> _WHAT YOU WILL DO_
Down to the last line, repeat the records exactly.
START DATA TO USE
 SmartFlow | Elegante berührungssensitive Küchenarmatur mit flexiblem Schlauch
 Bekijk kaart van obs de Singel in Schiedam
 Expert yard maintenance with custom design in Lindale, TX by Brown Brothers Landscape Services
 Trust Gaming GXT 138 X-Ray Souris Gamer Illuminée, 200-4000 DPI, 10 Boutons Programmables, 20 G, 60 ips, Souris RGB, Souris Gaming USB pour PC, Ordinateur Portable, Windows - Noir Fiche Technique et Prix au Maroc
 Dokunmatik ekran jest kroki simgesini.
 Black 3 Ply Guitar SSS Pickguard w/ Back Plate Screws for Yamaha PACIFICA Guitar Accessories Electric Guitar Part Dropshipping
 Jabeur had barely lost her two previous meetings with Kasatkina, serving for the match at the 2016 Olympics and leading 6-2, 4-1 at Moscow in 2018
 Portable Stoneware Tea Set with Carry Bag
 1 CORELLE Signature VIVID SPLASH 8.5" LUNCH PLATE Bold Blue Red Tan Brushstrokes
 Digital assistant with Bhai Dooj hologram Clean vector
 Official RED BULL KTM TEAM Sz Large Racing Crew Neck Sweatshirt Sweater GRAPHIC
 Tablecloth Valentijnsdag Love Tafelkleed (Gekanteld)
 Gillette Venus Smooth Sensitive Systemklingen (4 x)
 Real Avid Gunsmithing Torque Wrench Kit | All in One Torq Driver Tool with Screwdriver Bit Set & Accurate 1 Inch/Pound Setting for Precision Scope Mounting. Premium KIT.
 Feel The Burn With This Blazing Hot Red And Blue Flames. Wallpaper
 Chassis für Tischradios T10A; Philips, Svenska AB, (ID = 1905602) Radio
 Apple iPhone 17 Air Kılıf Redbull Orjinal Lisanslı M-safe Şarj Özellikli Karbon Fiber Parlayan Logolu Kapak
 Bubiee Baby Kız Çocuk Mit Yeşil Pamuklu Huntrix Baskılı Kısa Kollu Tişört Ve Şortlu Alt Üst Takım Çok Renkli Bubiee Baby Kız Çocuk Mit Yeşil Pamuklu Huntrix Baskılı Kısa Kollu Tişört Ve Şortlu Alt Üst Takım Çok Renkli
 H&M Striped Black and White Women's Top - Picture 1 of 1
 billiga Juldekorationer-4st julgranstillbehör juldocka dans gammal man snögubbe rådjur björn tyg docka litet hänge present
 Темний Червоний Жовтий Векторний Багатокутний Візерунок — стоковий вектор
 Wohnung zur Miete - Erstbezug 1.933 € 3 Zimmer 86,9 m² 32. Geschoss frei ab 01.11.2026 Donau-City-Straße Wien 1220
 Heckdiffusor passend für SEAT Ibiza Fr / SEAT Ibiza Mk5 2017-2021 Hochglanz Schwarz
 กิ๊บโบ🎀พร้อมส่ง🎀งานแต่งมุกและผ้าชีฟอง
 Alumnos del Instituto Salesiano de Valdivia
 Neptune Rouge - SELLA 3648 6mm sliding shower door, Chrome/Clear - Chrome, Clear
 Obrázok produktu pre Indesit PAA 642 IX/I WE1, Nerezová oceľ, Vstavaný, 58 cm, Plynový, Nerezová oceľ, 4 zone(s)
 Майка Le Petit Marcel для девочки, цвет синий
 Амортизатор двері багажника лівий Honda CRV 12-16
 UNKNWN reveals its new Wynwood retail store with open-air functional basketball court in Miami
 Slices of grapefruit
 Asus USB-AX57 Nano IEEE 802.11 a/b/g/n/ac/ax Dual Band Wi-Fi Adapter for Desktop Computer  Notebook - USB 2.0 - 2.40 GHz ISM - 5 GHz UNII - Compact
END DATA TO USE
> _ANSWER BELOW_
 SmartFlow | Elegante berührungssensitive Küchenarmatur mit flexiblem Schlauch
 Bekijk kaart van obs de Singel in Schiedam
 Expert yard maintenance with custom design in Lindale, TX by Brown Brothers Landscape Services
 Trust Gaming GXT 138 X-Ray Souris Gamer Illuminée, 200-4000 DPI, 10 Boutons Programmables, 20 G, 60 ips, Souris RGB, Souris Gaming USB pour PC, Ordinateur Portable, Windows - Noir Fiche Technique et Prix au Maroc
 Dokunmatik ekran jest kroki simgesini.
 Black 3 Ply Guitar SSS Pickguard w/ Back Plate Screws for Yamaha PACIFICA Guitar Accessories Electric Guitar Part Dropshipping
 Jabeur had barely lost her two previous meetings with Kasatkina, serving for the match at the 2016 Olympics and leading 6-2, 4-1 at Moscow in 2018
 Portable Stoneware Tea Set with Carry Bag
 1 CORELLE Signature VIVID SPLASH 8.5" LUNCH PLATE Bold Blue Red Tan Brushstrokes
 Digital assistant with Bhai Dooj hologram Clean vector
 Official RED BULL KTM TEAM Sz Large Racing Crew Neck Sweatshirt Sweater GRAPHIC
 Tablecloth Valentijnsdag Love Tafelkleed (Gekanteld)
 Gillette Venus Smooth Sensitive Systemklingen (4 x)
 Real Avid Gunsmithing Torque Wrench Kit | All in One Torq Driver Tool with Screwdriver Bit Set & Accurate 1 Inch/Pound Setting for Precision Scope Mounting. Premium KIT.
 Feel The Burn With This Blazing Hot Red And Blue Flames. Wallpaper
 Chassis für Tischradios T10A; Philips, Svenska AB, (ID = 1905602) Radio
 Apple iPhone 17 Air Kılıf Redbull Orjinal Lisanslı M-safe Şarj Özellikli Karbon Fiber Parlayan Logolu Kapak
 Bubiee Baby Kız Çocuk Mit Yeşil Pamuklu Huntrix Baskılı Kısa Kollu Tişört Ve Şortlu Alt Üst Takım Çok Renkli Bubiee Baby Kız Çocuk Mit Yeşil Pamuklu Huntrix Baskılı Kısa Kollu Tişört Ve Şortlu Alt Üst Takım Çok Renkli
 H&M Striped Black and White Women's Top - Picture 1 of 1
 billiga Juldekorationer-4st julgranstillbehör juldocka dans gammal man snögubbe rådjur björn tyg docka litet hänge present
 Темний Червоний Жовтий Векторний Багатокутний Візерунок — стоковий вектор
 Wohnung zur Miete - Erstbezug 1.933 € 3 Zimmer 86,9 m² 32. Geschoss frei ab 01.11.2026 Donau-City-Straße Wien 1220
 Heckdiffusor passend für SEAT Ibiza Fr / SEAT Ibiza Mk5 2017-2021 Hochglanz Schwarz
 กิ๊บโบ🎀พร้อมส่ง🎀งานแต่งมุกและผ้าชีฟอง
 Alumnos del Instituto Salesiano de Valdivia
 Neptune Rouge - SELLA 3648 6mm sliding shower door, Chrome/Clear - Chrome, Clear
 Obrázok produktu pre Indesit PAA 642 IX/I WE1, Nerezová oceľ, Vstavaný, 58 cm, Plynový, Nerezová oceľ, 4 zone(s)
 Майка Le Petit Marcel для девочки, цвет синий
 Амортизатор двері багажника лівий Honda CRV 12-16
 UNKNWN reveals its new Wynwood retail store with open-air functional basketball court in Miami
 Slices of grapefruit
 Asus USB-AX57 Nano IEEE 802.11 a/b/g/n/ac/ax Dual Band Wi-Fi Adapter for Desktop Computer  Notebook - USB 2.0 - 2.40 GHz ISM - 5 GHz UNII - Compact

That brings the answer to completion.